Aston Martin AM-RB 001
Red Bull’s motorsport advisor, Helmut Marko, has dropped hints the energy drinks company is considering a future in endurance racing, namely the 24 Hours of Le Mans, the highlight of the World Endurance Championship.
In an interview with Autosport published Wednesday, Marko indicated that participating in endurance racing could mean leaving Formula 1, or racing in both competitions.
It would depend on the outcome of current negotiations for F1’s 2021 season and beyond. The current rules last until the end of the 2020 season, which is also the end date for Red Bull’s current F1 commitment.

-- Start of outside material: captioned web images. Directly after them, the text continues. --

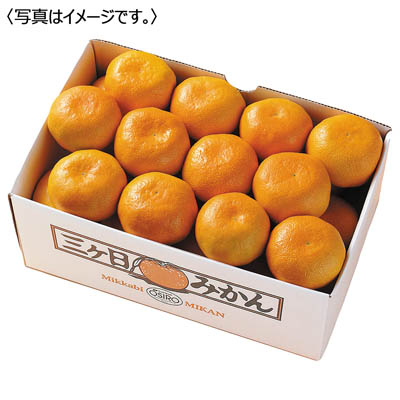 静岡県産　三ヶ日みかん［２．５ｋｇ］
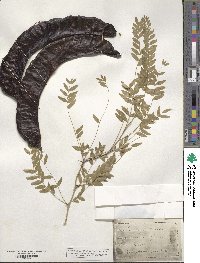 Gleditsia triacanthos image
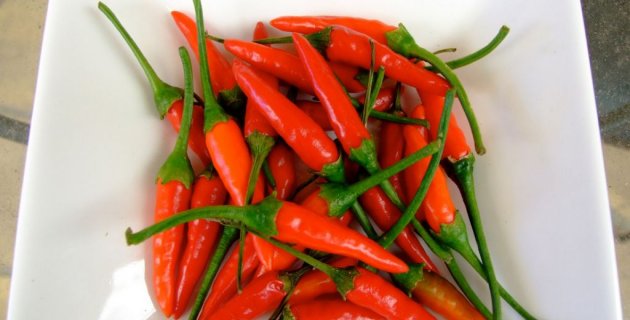 Paprika a chilli papričky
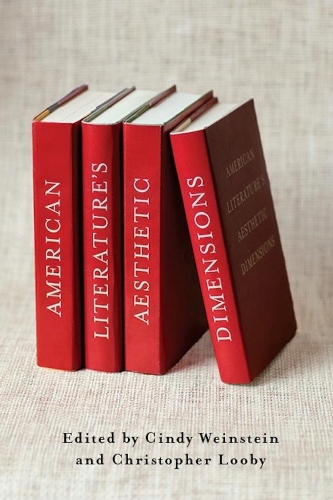 American Literature's Aesthetic Dimensions (Paperback)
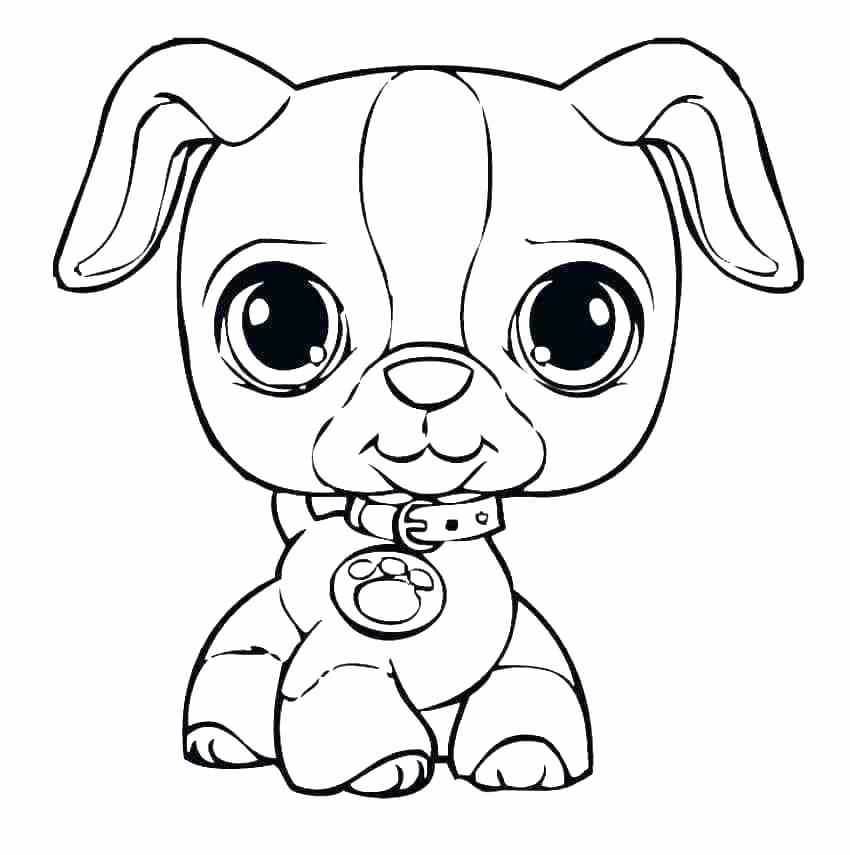 850x855 Coloring Cartoon Puppy Coloring Pages Printable Books In Addition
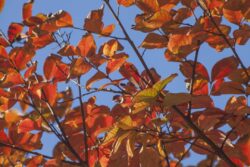 Autumn Crepe Myrtle Leaves and Branches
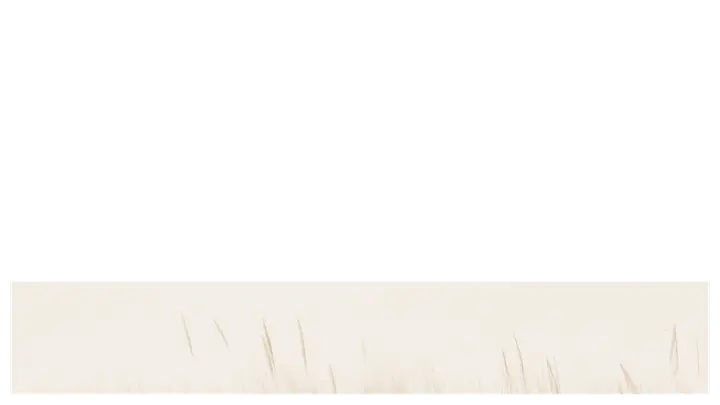 Miracles of Jesus: lower third · blank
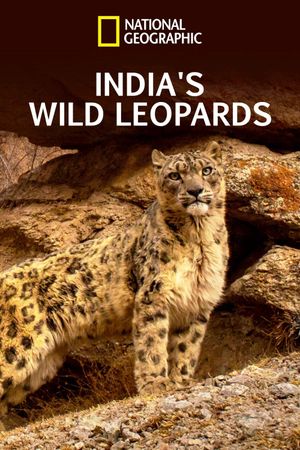 India's Wild Leopards's poster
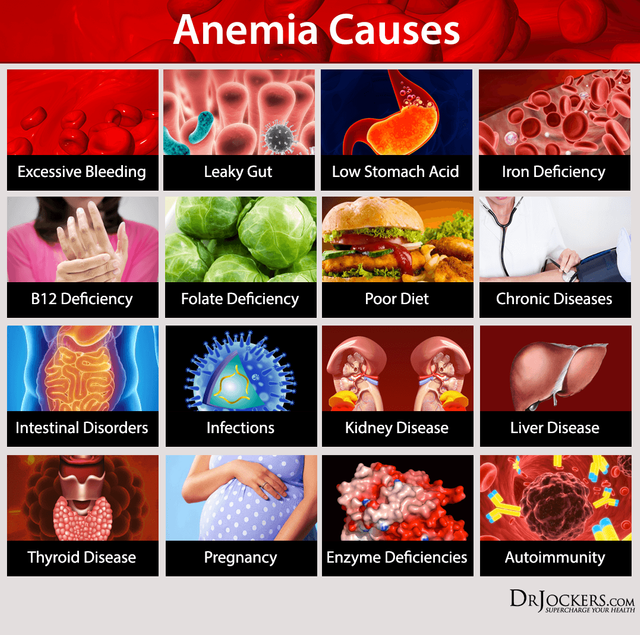 ANEMIA_Causes.png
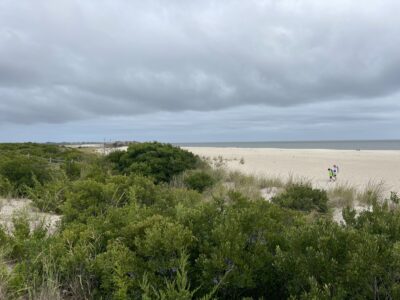 a couple people walking on a beach (MyCoast AI)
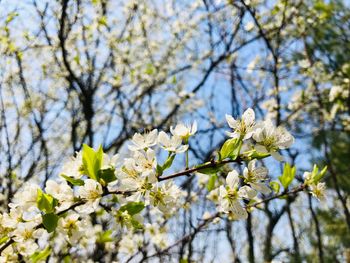 Close-up of cherry blossoms in spring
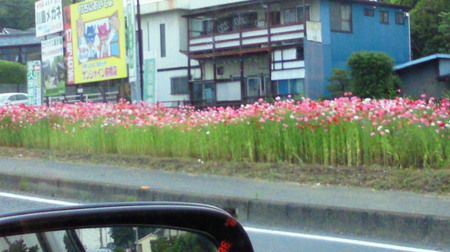 201205241835001.jpg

“We have an agreement [with F1] until 2020,” he said. “As long as there is no engine regulation and no Concorde Agreement, neither Red Bull nor Honda will make a decision.”
Honda is the new power unit supplier to Red Bull for the 2019 and 2020 seasons, taking over from Renault.
Marko hinted that Red Bull will only be willing to stay if the new rules are favorable to the team.
“We will certainly not become dependent again, as we have been in the past, when we were begging others and statements and promises were not kept,” he said.
Marko pointed to WEC’s new Hypercar class starting in the 2020/2021 season as being an alternative, as Red Bull is helping to develop road-going hypercars with Aston Martin, the first of which is the upcoming Valkyrie. Aston Martin has also hinted at entering the Hypercar class with race cars based on its upcoming road-going hypercar models.
“With the Valkyrie, Le Mans could be an option with Hypercar rules,” he said.
Perhaps of most interest is Marko’s comment that Red Bull could race in F1 and WEC, though only if there was a cost cap in F1.
“If there was a cost cap in Formula 1, we would have to cut people,” he said. “We don’t necessarily want that; we could then use them in such projects [as Le Mans].”
Marko also said any WEC program would depend on Aston Martin footing most of the bill.
“The main financial burden would be on Aston Martin, which is also clear, because at Le Mans the manufacturer wins,” he explained. “But that would fit into our concept.”